映画『なぜ生きる』の上映に特化した施設なので、その素晴らしさを最大限に引き出せる設備といえるでしょう。
(略)
一般の映画館を超えた、最高レベルの施設と考えていいと思います。
映像も音響も、日常の体験を超えた「超体験」を完成目標としているので、注文は厳しいですがすごくやりがいのある仕事ですね。
顕正新聞平成29年8月1日号1面 シネマ学院設計施工業者に聞く)

一般の映画館より更に高機能な音響施設で造られているようですが、だからといって同朋の里に上映専門施設を建てる必要は全く感じません。これまで親鸞会ではいろいろと理由をつけては、箱物を造ってきました。


例えば、親鸞会館(二千畳の正本堂)完成後の地下道は、雪の中でも駐車場から会館まで楽に会員が移動できるようにといったものでした。実情は、親鸞会館と駐車場の間に公道があり、行事日に多くの会員が横断するのが地元の住民から通行の邪魔だとの意見があったためです。そのような実情は会員には一切説明なく「会長先生が雪の中を歩く会員さんの姿を見て、参詣者が怪我をしないようにということで地下道を提案してくださった」ということになっていました。

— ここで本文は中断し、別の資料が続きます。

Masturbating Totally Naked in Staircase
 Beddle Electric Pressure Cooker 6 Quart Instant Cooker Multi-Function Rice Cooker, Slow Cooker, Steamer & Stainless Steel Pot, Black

その地下道も当時の会員の間でも、「本当に必要なのか」との声がありましたが、雨や雪の日に濡れないという実用面は多少あったのでなんとなく納得する人もいました。
その後、信心の沙汰をする同朋の里、その中にできたコンビニ、食堂、大浴場、宿泊施設等々を建設してきました。どれも、外部から見れば「どうして必要なのか」と思うようなものばかりです。それでも、いろいろ理由をつけて建設してきました。


しかし、今回のシネマ学院ばかりは、会員に対しても言い訳が立ちません。
まず、この映画「なぜ生きる」は、真宗の教えを多くの人に弘めるために作成したはずのものですから、富山県親鸞会の施設内で専門上映館があることはその目的にまったく叶いません。
加えて、現在でも地元の会場やシネマバスで上映をしている(できる)映画を、わざわざ別に上映館をつくる必要はありません。
この紙面から分かる事は映画『なぜ生きる』が最高レベルの映像、音響で見ることができることしかありません。それが果たして、会員からお布施を集めてまでしなければならないことでしょうか?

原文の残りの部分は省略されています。